Content starts

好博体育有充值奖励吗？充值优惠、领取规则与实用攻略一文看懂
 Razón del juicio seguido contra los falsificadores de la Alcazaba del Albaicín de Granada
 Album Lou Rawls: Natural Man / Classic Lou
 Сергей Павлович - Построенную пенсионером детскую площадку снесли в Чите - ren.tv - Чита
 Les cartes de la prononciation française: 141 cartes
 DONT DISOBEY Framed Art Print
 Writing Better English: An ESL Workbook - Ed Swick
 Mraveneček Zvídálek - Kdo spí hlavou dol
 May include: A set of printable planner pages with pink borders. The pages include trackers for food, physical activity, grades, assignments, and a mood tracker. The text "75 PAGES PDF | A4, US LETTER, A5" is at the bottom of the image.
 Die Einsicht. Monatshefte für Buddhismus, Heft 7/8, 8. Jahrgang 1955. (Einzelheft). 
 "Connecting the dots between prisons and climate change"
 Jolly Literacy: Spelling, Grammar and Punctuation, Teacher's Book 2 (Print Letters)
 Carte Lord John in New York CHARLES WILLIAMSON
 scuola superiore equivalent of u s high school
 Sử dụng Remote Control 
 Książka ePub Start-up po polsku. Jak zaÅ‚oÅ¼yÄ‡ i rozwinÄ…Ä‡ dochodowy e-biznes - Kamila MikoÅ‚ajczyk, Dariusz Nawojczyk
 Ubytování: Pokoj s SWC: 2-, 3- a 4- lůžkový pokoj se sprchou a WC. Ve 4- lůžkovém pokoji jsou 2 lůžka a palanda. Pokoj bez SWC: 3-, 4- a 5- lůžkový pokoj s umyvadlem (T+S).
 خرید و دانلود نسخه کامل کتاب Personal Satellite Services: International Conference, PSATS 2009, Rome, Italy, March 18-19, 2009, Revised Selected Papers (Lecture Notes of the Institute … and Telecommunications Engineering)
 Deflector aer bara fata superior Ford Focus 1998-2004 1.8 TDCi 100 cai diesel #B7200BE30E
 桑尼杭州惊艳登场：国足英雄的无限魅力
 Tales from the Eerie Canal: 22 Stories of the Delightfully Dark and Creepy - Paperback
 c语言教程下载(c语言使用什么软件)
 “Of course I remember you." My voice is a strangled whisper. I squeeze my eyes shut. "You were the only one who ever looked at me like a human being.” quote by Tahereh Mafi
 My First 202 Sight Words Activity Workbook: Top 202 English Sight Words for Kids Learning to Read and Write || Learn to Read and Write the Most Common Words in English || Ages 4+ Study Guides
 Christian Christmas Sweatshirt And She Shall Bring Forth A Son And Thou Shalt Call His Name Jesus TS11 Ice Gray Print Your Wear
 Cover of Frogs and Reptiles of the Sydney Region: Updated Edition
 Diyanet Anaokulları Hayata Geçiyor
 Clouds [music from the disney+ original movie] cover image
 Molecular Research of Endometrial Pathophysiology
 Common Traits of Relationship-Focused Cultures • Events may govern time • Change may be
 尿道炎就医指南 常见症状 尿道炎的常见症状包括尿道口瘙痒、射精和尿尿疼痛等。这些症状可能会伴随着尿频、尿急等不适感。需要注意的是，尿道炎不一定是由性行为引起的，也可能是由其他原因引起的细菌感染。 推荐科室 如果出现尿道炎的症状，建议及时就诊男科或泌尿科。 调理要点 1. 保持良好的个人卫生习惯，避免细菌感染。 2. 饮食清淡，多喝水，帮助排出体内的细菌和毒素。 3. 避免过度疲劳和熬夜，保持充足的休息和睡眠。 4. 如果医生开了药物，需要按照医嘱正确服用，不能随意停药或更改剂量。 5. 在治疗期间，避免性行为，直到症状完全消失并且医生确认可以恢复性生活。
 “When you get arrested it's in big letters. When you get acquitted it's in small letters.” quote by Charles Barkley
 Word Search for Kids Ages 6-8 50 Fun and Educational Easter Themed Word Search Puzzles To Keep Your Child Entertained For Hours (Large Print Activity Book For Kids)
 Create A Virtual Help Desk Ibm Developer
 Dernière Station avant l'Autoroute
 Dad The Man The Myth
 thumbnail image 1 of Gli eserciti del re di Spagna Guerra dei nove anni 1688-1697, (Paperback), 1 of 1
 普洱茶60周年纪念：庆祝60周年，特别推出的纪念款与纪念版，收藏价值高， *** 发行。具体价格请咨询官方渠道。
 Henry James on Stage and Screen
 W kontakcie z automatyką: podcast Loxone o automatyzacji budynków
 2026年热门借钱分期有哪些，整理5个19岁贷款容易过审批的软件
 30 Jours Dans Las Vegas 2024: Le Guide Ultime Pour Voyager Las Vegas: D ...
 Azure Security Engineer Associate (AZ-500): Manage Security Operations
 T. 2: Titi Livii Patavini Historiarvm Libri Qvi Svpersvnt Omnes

Content ends

● Exercise prompt:
The response should be an exact repeat of the data above.

● Exercise answer:
好博体育有充值奖励吗？充值优惠、领取规则与实用攻略一文看懂
 Razón del juicio seguido contra los falsificadores de la Alcazaba del Albaicín de Granada
 Album Lou Rawls: Natural Man / Classic Lou
 Сергей Павлович - Построенную пенсионером детскую площадку снесли в Чите - ren.tv - Чита
 Les cartes de la prononciation française: 141 cartes
 DONT DISOBEY Framed Art Print
 Writing Better English: An ESL Workbook - Ed Swick
 Mraveneček Zvídálek - Kdo spí hlavou dol
 May include: A set of printable planner pages with pink borders. The pages include trackers for food, physical activity, grades, assignments, and a mood tracker. The text "75 PAGES PDF | A4, US LETTER, A5" is at the bottom of the image.
 Die Einsicht. Monatshefte für Buddhismus, Heft 7/8, 8. Jahrgang 1955. (Einzelheft). 
 "Connecting the dots between prisons and climate change"
 Jolly Literacy: Spelling, Grammar and Punctuation, Teacher's Book 2 (Print Letters)
 Carte Lord John in New York CHARLES WILLIAMSON
 scuola superiore equivalent of u s high school
 Sử dụng Remote Control 
 Książka ePub Start-up po polsku. Jak zaÅ‚oÅ¼yÄ‡ i rozwinÄ…Ä‡ dochodowy e-biznes - Kamila MikoÅ‚ajczyk, Dariusz Nawojczyk
 Ubytování: Pokoj s SWC: 2-, 3- a 4- lůžkový pokoj se sprchou a WC. Ve 4- lůžkovém pokoji jsou 2 lůžka a palanda. Pokoj bez SWC: 3-, 4- a 5- lůžkový pokoj s umyvadlem (T+S).
 خرید و دانلود نسخه کامل کتاب Personal Satellite Services: International Conference, PSATS 2009, Rome, Italy, March 18-19, 2009, Revised Selected Papers (Lecture Notes of the Institute … and Telecommunications Engineering)
 Deflector aer bara fata superior Ford Focus 1998-2004 1.8 TDCi 100 cai diesel #B7200BE30E
 桑尼杭州惊艳登场：国足英雄的无限魅力
 Tales from the Eerie Canal: 22 Stories of the Delightfully Dark and Creepy - Paperback
 c语言教程下载(c语言使用什么软件)
 “Of course I remember you." My voice is a strangled whisper. I squeeze my eyes shut. "You were the only one who ever looked at me like a human being.” quote by Tahereh Mafi
 My First 202 Sight Words Activity Workbook: Top 202 English Sight Words for Kids Learning to Read and Write || Learn to Read and Write the Most Common Words in English || Ages 4+ Study Guides
 Christian Christmas Sweatshirt And She Shall Bring Forth A Son And Thou Shalt Call His Name Jesus TS11 Ice Gray Print Your Wear
 Cover of Frogs and Reptiles of the Sydney Region: Updated Edition
 Diyanet Anaokulları Hayata Geçiyor
 Clouds [music from the disney+ original movie] cover image
 Molecular Research of Endometrial Pathophysiology
 Common Traits of Relationship-Focused Cultures • Events may govern time • Change may be
 尿道炎就医指南 常见症状 尿道炎的常见症状包括尿道口瘙痒、射精和尿尿疼痛等。这些症状可能会伴随着尿频、尿急等不适感。需要注意的是，尿道炎不一定是由性行为引起的，也可能是由其他原因引起的细菌感染。 推荐科室 如果出现尿道炎的症状，建议及时就诊男科或泌尿科。 调理要点 1. 保持良好的个人卫生习惯，避免细菌感染。 2. 饮食清淡，多喝水，帮助排出体内的细菌和毒素。 3. 避免过度疲劳和熬夜，保持充足的休息和睡眠。 4. 如果医生开了药物，需要按照医嘱正确服用，不能随意停药或更改剂量。 5. 在治疗期间，避免性行为，直到症状完全消失并且医生确认可以恢复性生活。
 “When you get arrested it's in big letters. When you get acquitted it's in small letters.” quote by Charles Barkley
 Word Search for Kids Ages 6-8 50 Fun and Educational Easter Themed Word Search Puzzles To Keep Your Child Entertained For Hours (Large Print Activity Book For Kids)
 Create A Virtual Help Desk Ibm Developer
 Dernière Station avant l'Autoroute
 Dad The Man The Myth
 thumbnail image 1 of Gli eserciti del re di Spagna Guerra dei nove anni 1688-1697, (Paperback), 1 of 1
 普洱茶60周年纪念：庆祝60周年，特别推出的纪念款与纪念版，收藏价值高， *** 发行。具体价格请咨询官方渠道。
 Henry James on Stage and Screen
 W kontakcie z automatyką: podcast Loxone o automatyzacji budynków
 2026年热门借钱分期有哪些，整理5个19岁贷款容易过审批的软件
 30 Jours Dans Las Vegas 2024: Le Guide Ultime Pour Voyager Las Vegas: D ...
 Azure Security Engineer Associate (AZ-500): Manage Security Operations
 T. 2: Titi Livii Patavini Historiarvm Libri Qvi Svpersvnt Omnes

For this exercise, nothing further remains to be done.